RHEL 7

Install

Pacemaker ships as part of the Red Hat High Availability Add-on. The easiest way to try it out on RHEL is to install it from the Scientific Linux or CentOS repositories.

If you are already running CentOS or Scientific Linux, you can skip this step. Otherwise, to teach the machine where to find the CentOS packages, run:

[ALL] # cat < /etc/yum.repos.d/centos.repo [centos-7-base] name=CentOS-$releasever - Base mirrorlist=http://mirrorlist.centos.org/?release=$releasever&arch=$basearch&repo=os #baseurl=http://mirror.centos.org/centos/$releasever/os/$basearch/ enabled=1 EOF

Next we use yum to install pacemaker and some other necessary packages we will need:

[ALL] # yum install pacemaker pcs resource-agents

Create the Cluster

The supported stack on RHEL7 is based on Corosync 2, so thats what Pacemaker uses too.

First make sure that pcs daemon is running on every node:

[ALL] # systemctl start pcsd.service [ALL] # systemctl enable pcsd.service

Then we set up the authentication needed for pcs.

[ALL] # echo CHANGEME | passwd --stdin hacluster [ONE] # pcs cluster auth node1 node2 -u hacluster -p CHANGEME --force

We now create a cluster and populate it with some nodes. Note that the name cannot exceed 15 characters (we'll use 'pacemaker1').

[ONE] # pcs cluster setup --force --name pacemaker1 node1 node2

Start the Cluster

[ONE] # pcs cluster start --all

Set Cluster Options

With so many devices and possible topologies, it is nearly impossible to include Fencing in a document like this. For now we will disable it.

[ONE] # pcs property set stonith-enabled=false

One of the most common ways to deploy Pacemaker is in a 2-node configuration. However quorum as a concept makes no sense in this scenario (because you only have it when more than half the nodes are available), so we'll disable it too.

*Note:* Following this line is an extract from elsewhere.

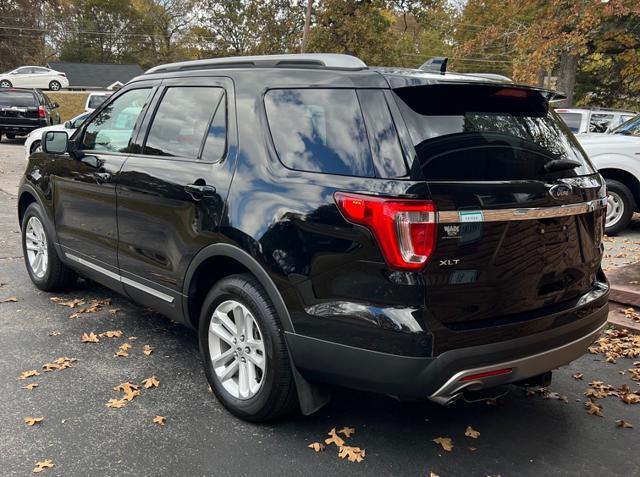 2017 ford explorer xlt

[ONE] # pcs property set no-quorum-policy=ignore

For demonstration purposes, we will force the cluster to move services after a single failure:

[ONE] # pcs resource defaults migration-threshold=1

Add a Resource

Lets add a cluster service, we'll choose one doesn't require any configuration and works everywhere to make things easy. Here's the command:

[ONE] # pcs resource create my_first_svc Dummy op monitor interval=120s

"my_first_svc" is the name the service will be known as.

"ocf:pacemaker:Dummy" tells Pacemaker which script to use (Dummy - an agent that's useful as a template and for guides like this one), which namespace it is in (pacemaker) and what standard it conforms to (OCF).

"op monitor interval=120s" tells Pacemaker to check the health of this service every 2 minutes by calling the agent's monitor action.

You should now be able to see the service running using:

[ONE] # pcs status

or

[ONE] # crm_mon -1

Simulate a Service Failure

We can simulate an error by telling the service to stop directly (without telling the cluster):

[ONE] # crm_resource --resource my_first_svc --force-stop

If you now run crm_mon in interactive mode (the default), you should see (within the monitor interval of 2 minutes) the cluster notice that my_first_svc failed and move it to another node.